_YOUR INSTRUCTIONS_. Line by line, retype the material exactly and leave each picture out.

_GIVEN DATA_.
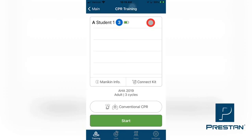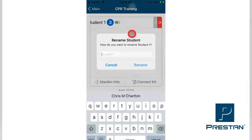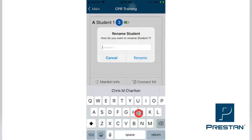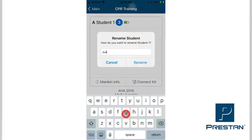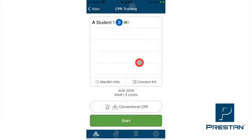Next, press and hold the name of the mannequin that is to be renamed. While still pressing on the name, slide your finger to the left until you see two buttons appear. Note that if you continue to slide your finger to the left, the Rename button will disappear and only the Disconnect button will show. Select Rename. Type the new name with the keyboard that appears in the app. When complete, press Rename. This new name will now appear on the list of mannequins. Please repeat this process for each mannequin that you wish to rename.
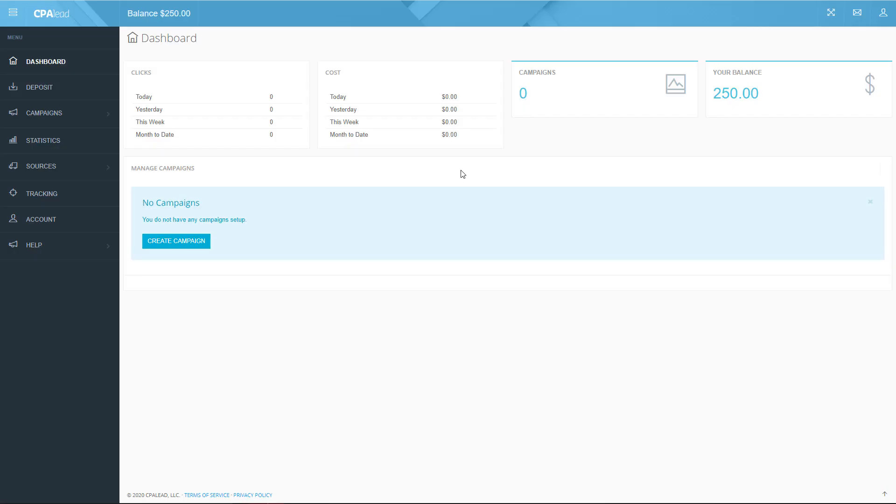Hello there, this is part two tutorial on integrating AppsFlyer with CPA Leads advertising platform. Once you've created your CPA lead advertiser account you'll be logged into your self-serve advertising dashboard as seen here.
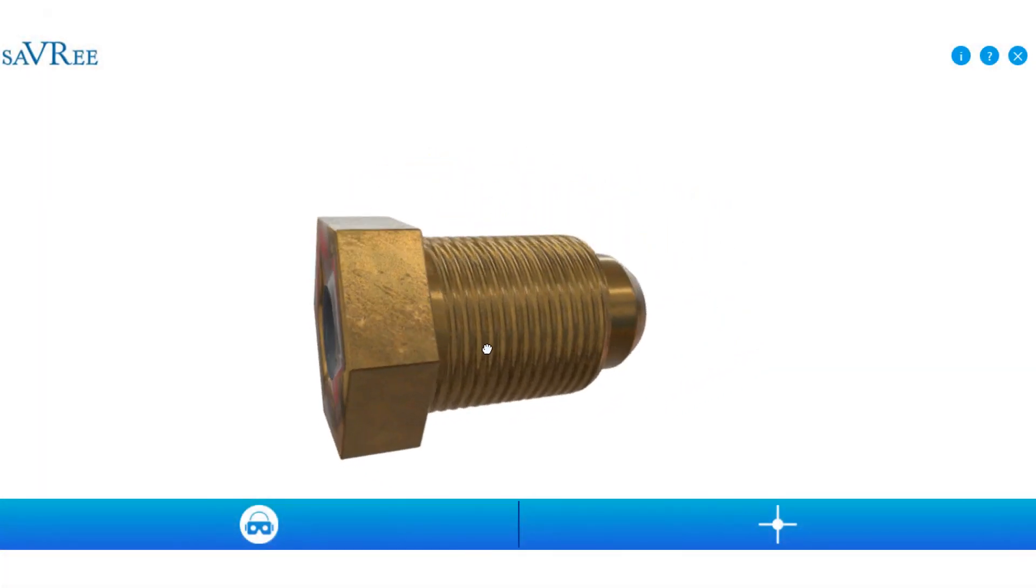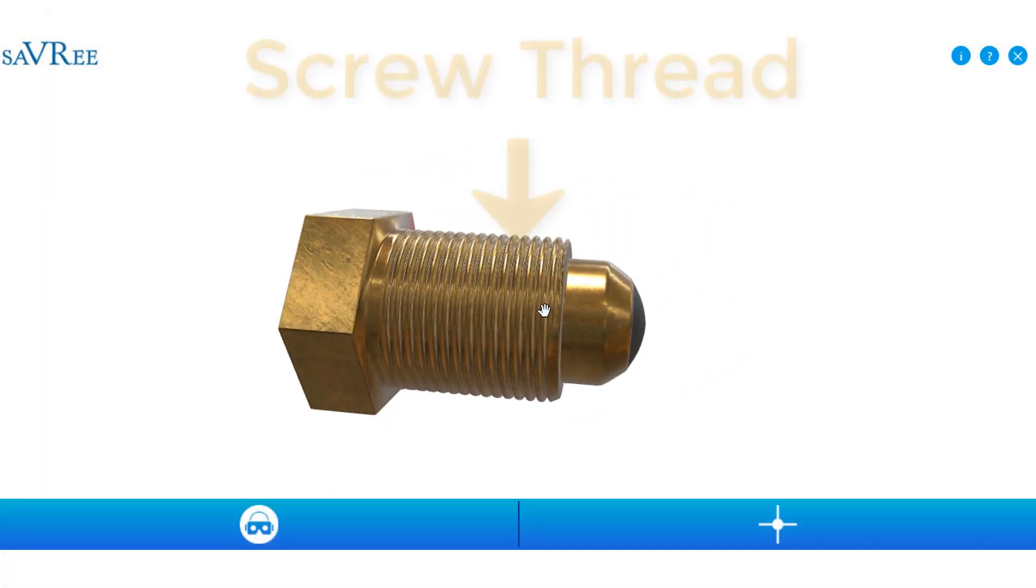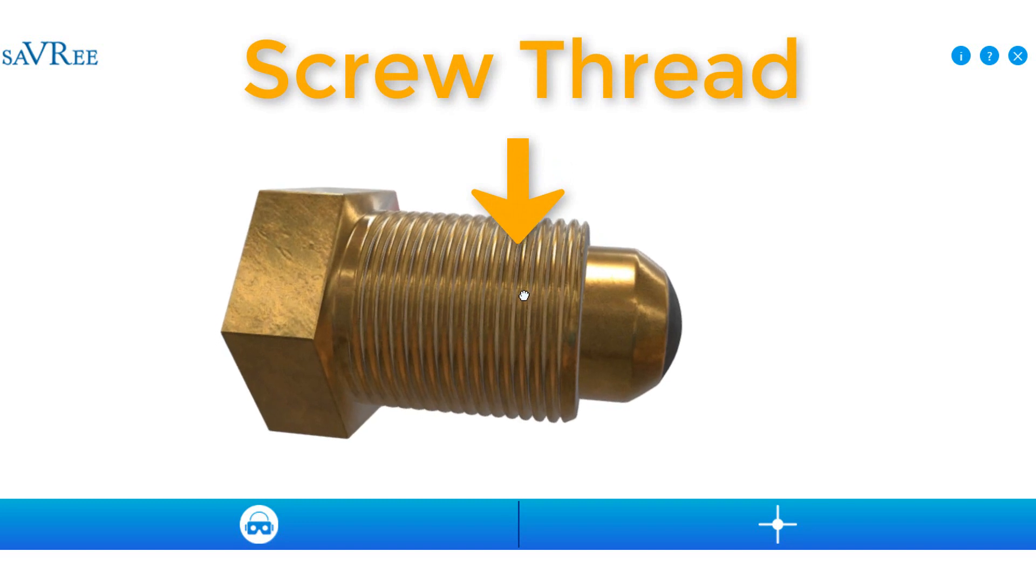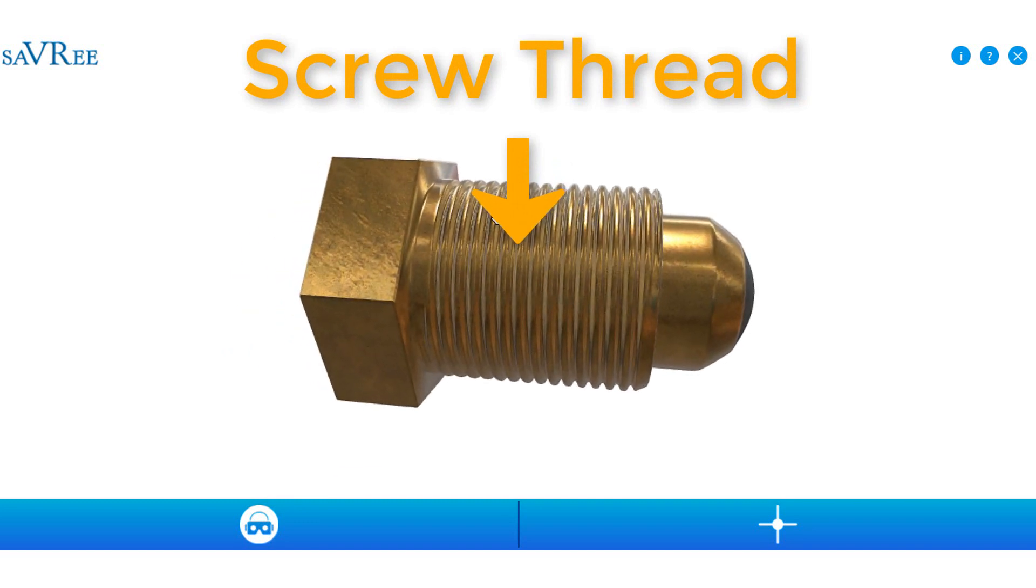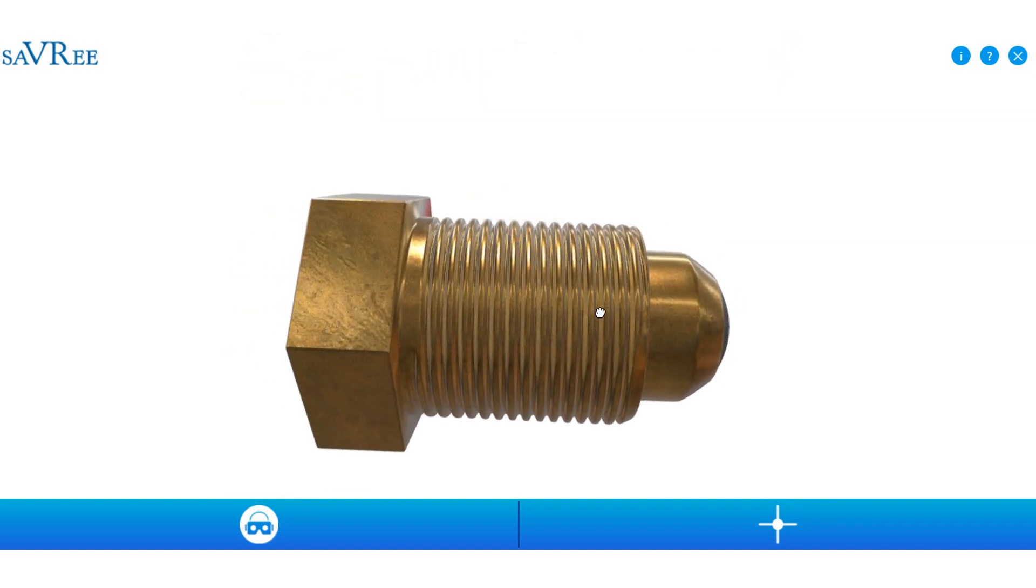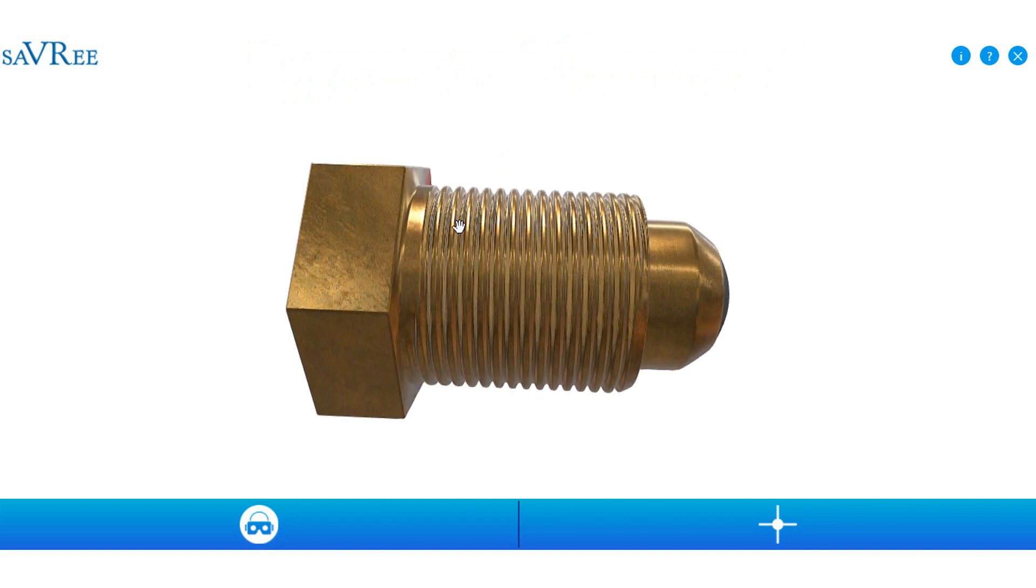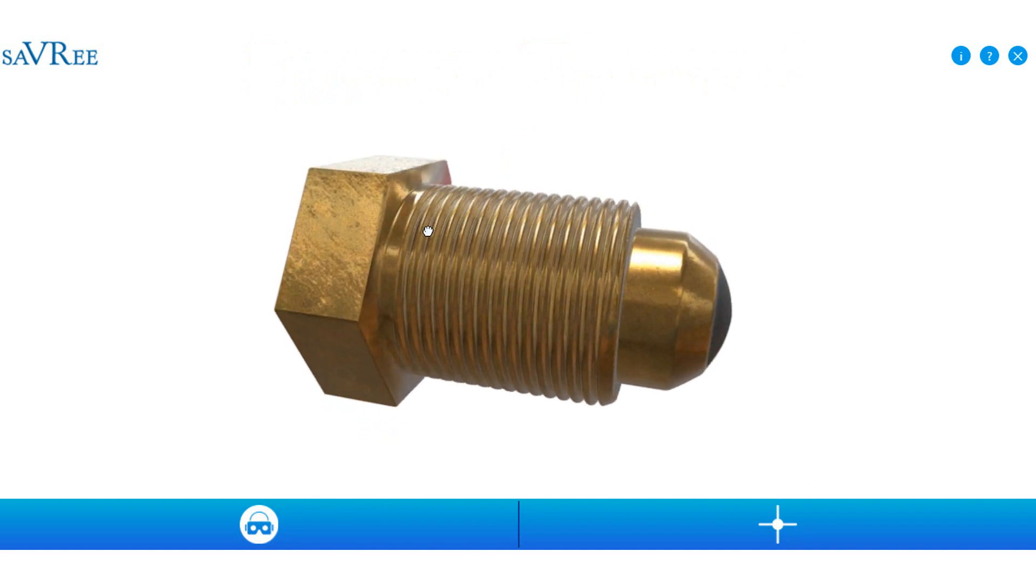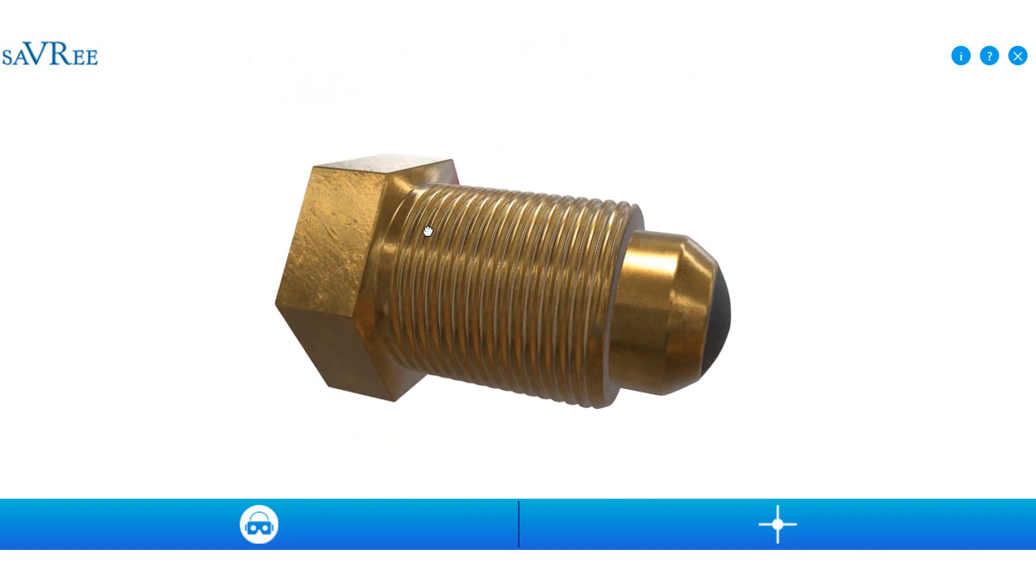We can see it's got a screw thread. This area here means it's easy to install. We can just screw it in. The copper body, or this gold colored body here, indicates that it's made out of some sort of copper alloy.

_RESULT_.
Next, press and hold the name of the mannequin that is to be renamed. While still pressing on the name, slide your finger to the left until you see two buttons appear. Note that if you continue to slide your finger to the left, the Rename button will disappear and only the Disconnect button will show. Select Rename. Type the new name with the keyboard that appears in the app. When complete, press Rename. This new name will now appear on the list of mannequins. Please repeat this process for each mannequin that you wish to rename.
Hello there, this is part two tutorial on integrating AppsFlyer with CPA Leads advertising platform. Once you've created your CPA lead advertiser account you'll be logged into your self-serve advertising dashboard as seen here.
We can see it's got a screw thread. This area here means it's easy to install. We can just screw it in. The copper body, or this gold colored body here, indicates that it's made out of some sort of copper alloy.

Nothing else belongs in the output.